Firman Tuhan 1 Tesalonika 5:18 sangat hidup mulai hari itu. "Mengucap syukurlah dalam segala hal, sebab itulah yang dikehendaki Allah di dalam Kristus Yesus bagi kamu." Detik setelah saya keluar dari ATM saya merasa di-khotbah-i diri sendiri. Serasa ada yang sedang mengeksposisi FirTu itu dan membacakannya keras-keras di kepala saya.
Setelah mama sakit, kakak dan saya bisa dibilang terkuras....biaya, energi dan emosi terkuras habis krn bolakbalik PKU-JKT, jaga malam, dan iuran bulanan buat obat dan kontrol mama ke dokter. Untuk saya pribadi, sebagai anak berusia 24 tahun yang baru saja menapaki dunia karir, disaat kebanyakan teman saya menghabiskan gajinya untuk beli ini itu yang diinginkan mereka, saya mesti menyisihkan sebagian untuk saya kirim ke rumah. Disaat teman-teman saya menghabiskan tabungannya untuk liburan atau berinvestasi, uang tabungan saya terpotong signifikan karena mesti membiayai hutang Papa saya.
Dalam segala hal, San. Dalam segala hal. Bukan untuk segala hal. Kamu ngga bersyukur untuk pencobaan dan ujian yang terjadi. Kamu ngga bersyukur untuk sakit yang didera. Kamu ngga bersyukur untuk musibah yang ada. Kamu mengucap syukur di dalamnya.
Kamu mengucap syukur bahwa di dalam pencobaan dan ujian, kamu masih memiliki keluarga yang mengasihimu dan mengasihi Allah.
Kamu mengucap syukur bahwa di dalam sakit yang didera papa dan mamamu, membuatmu dan (mungkin) orang di sekitar kalian jadi mengingat Allah.
Kamu mengucap syukur bahwa di dalam musibah, ternyata masih banyak orang yang tulus peduli terhadap kamu.
Kamu mengucap syukur bahwa dalam kesulitan orang tuamu, kamu masih punya kesempatan untuk membuktikan kasih dan hormatmu sebagai anak kepada mereka.

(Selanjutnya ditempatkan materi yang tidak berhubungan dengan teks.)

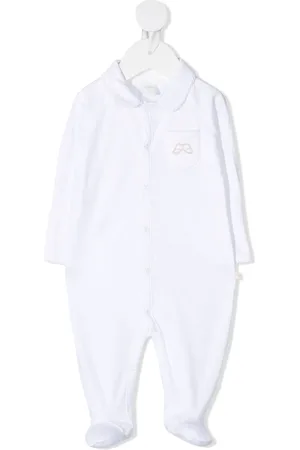 MARIE CHANTAL Pyjama mit gewellten Borten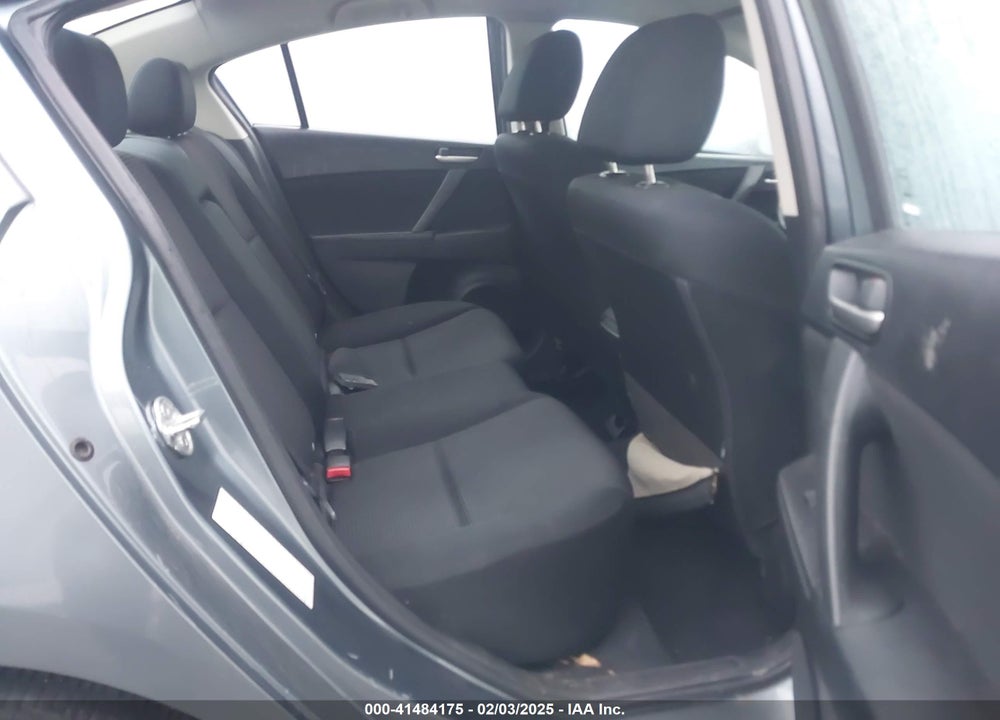 2012 MAZDA 3 I TOURING VIN: JM1BL1V80C1580076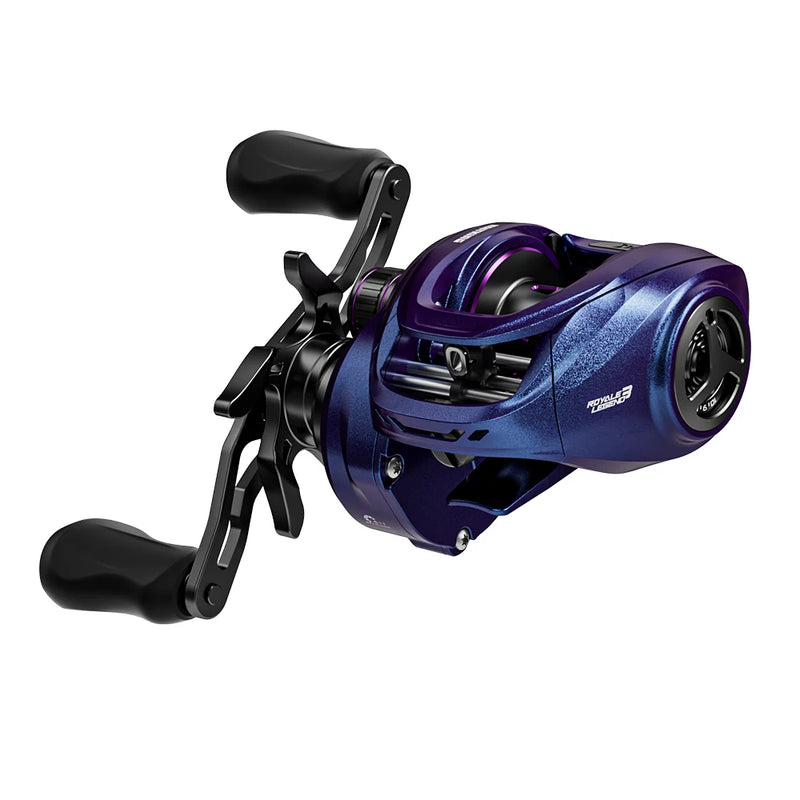 KastKing Royale Legend III Long Cast Baitcasting Reel 7KG Max Drag 7.2:1 High-Speed Fishing Reel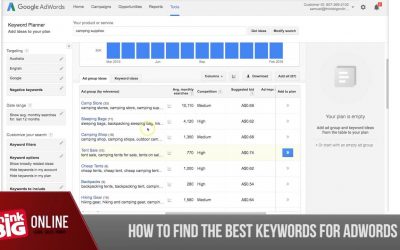 search engine optimization tips – How To Find The Best Keywords For Adwords And SEO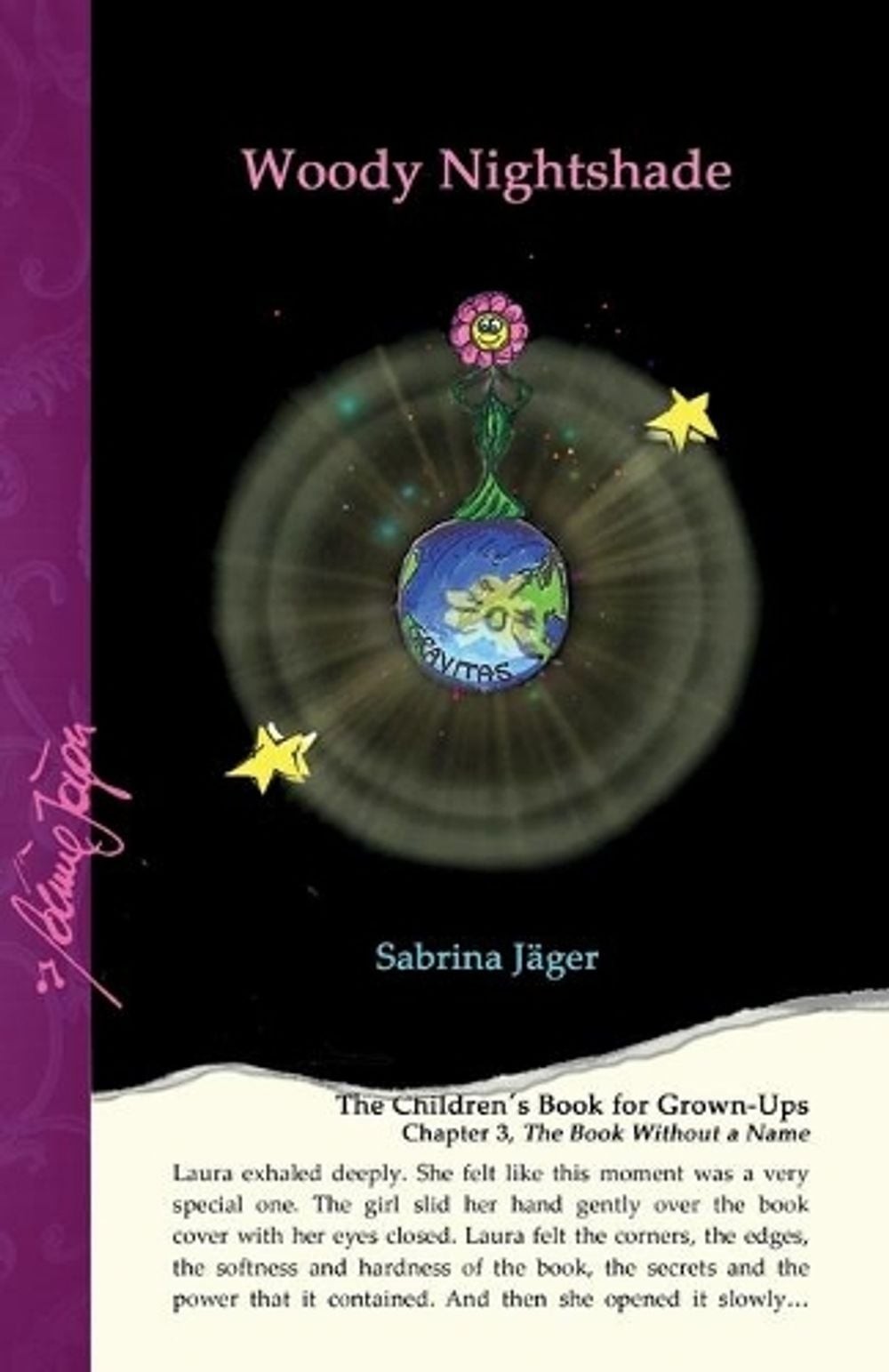 Woody Nightshade: The Children?s Book for Grown-Ups by Sabrina Sylvia J?ger (Eng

....dan sebelum saya menyadari, mulut saya otomatis menyanyikan lagu 'Bapa Engkau Sungguh Baik' outloud saat perjalanan pulang jalan kaki ke mess.

Hidup terlalu singkat untuk dihabiskan dengan mengeluh, lebih baik pakai waktunya untuk memikirkan solusi atas semua tantangan yang belum selesai dihadapi. Tantangan saya mungkin baru saja dimulai, dan masih panjang perjalananannya. I am still whining, btw. Yes, I am a human. Sometimes I need my time break to regain my spirit back.
Above all, di masa modern nan sibuk nan hedon nan materialistis ini, I still got my own miracle: I am still sane, happy enough, thankful enough, and may have the gut to outspeak what I've been through these days. Ada niatan buat diem-diem aja dalam hati. Simpen-simpen aja kesusahan dalam diri sendiri. Tapi entah mengapa rasanya sensasi hidup dalam kepasrahan sama Tuhan ini perlu banget dibagi. Toh hidup kita ini kitab terbuka yang hendaknya dibaca orang.
Mungkin kesusahan saya ga sebanding sama orang lain yang jauh lebih berat. Pasti ada yang lebih susah tantangannya dan lebih sabar dari saya. Saya cuma ingin berbagi saja, bahwa di masa serba modern ini ada solusi yang ga bisa dibeli, ga bisa diprediksi, ga bisa di-googling, atau ga bisa ditentukan timeline nya. Di dunia modern ini masih ada solusi yang datangnya dari Dia dengan bermodal berserah diri sepenuhnya. Solusi yang namanya mukzizat.